Your output should be everything below from the line containing "Fine art print" down to the line containing "Chicago Bears 8X32", both ends included, copied exactly, with pictures left out.

***** SUPPLIED DATA

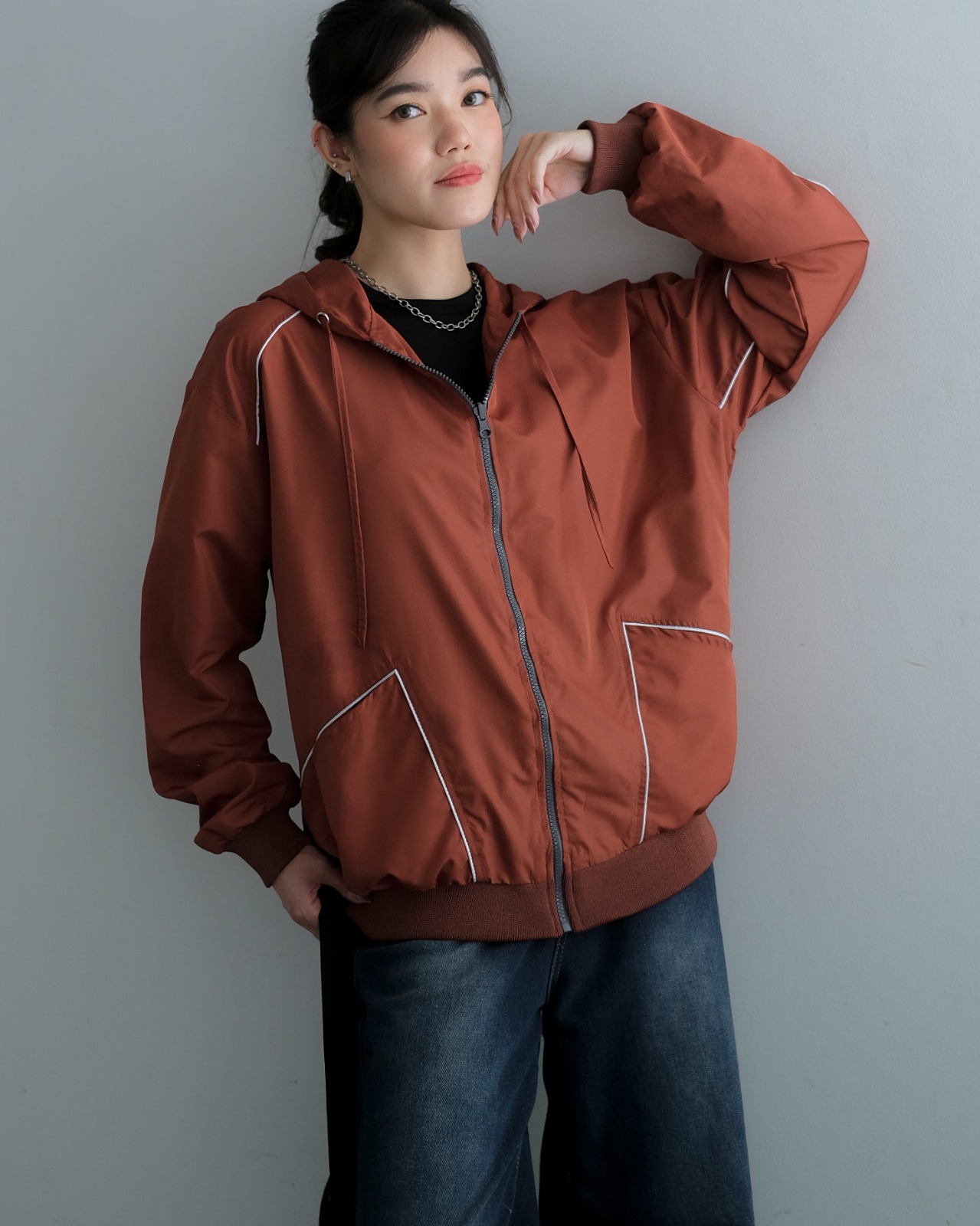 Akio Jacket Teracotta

**********
***** SUPPLIED DATA

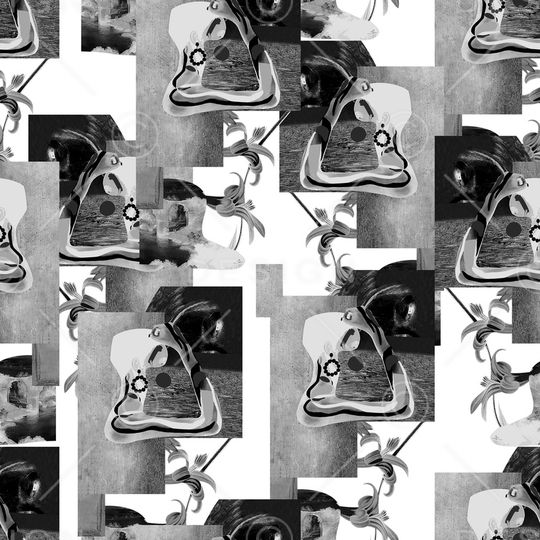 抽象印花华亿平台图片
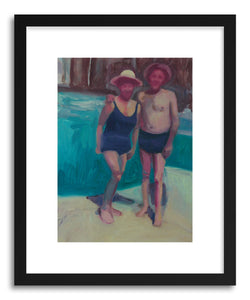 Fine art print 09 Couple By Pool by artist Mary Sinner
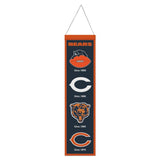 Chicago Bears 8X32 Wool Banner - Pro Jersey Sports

**********
***** SUPPLIED DATA

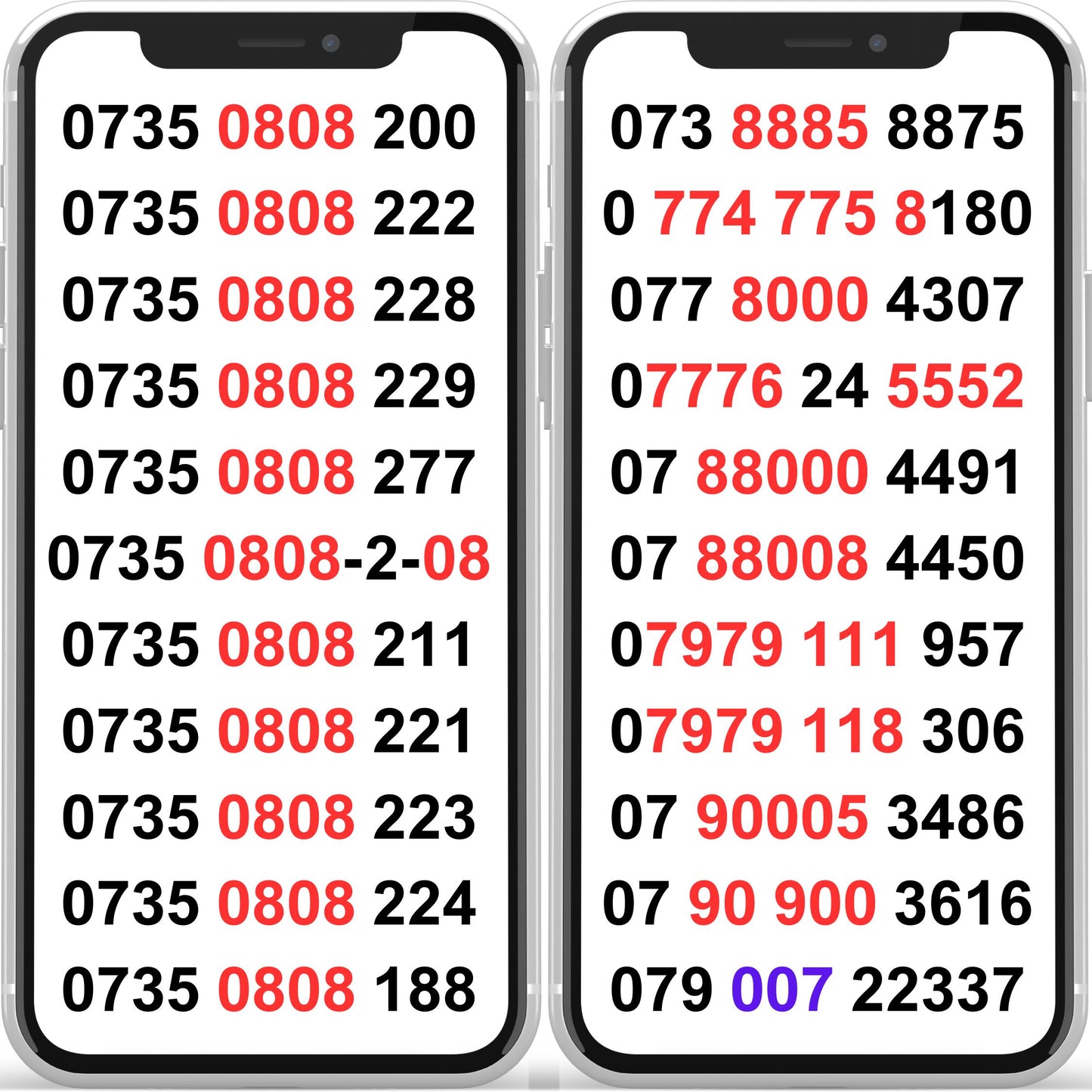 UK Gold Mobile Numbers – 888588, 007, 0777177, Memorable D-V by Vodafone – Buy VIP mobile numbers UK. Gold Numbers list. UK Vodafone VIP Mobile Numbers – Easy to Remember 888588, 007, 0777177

**********

SOLUTION TO THE PROBLEM:
 Fine art print 09 Couple By Pool by artist Mary Sinner
 Chicago Bears 8X32 Wool Banner - Pro Jersey Sports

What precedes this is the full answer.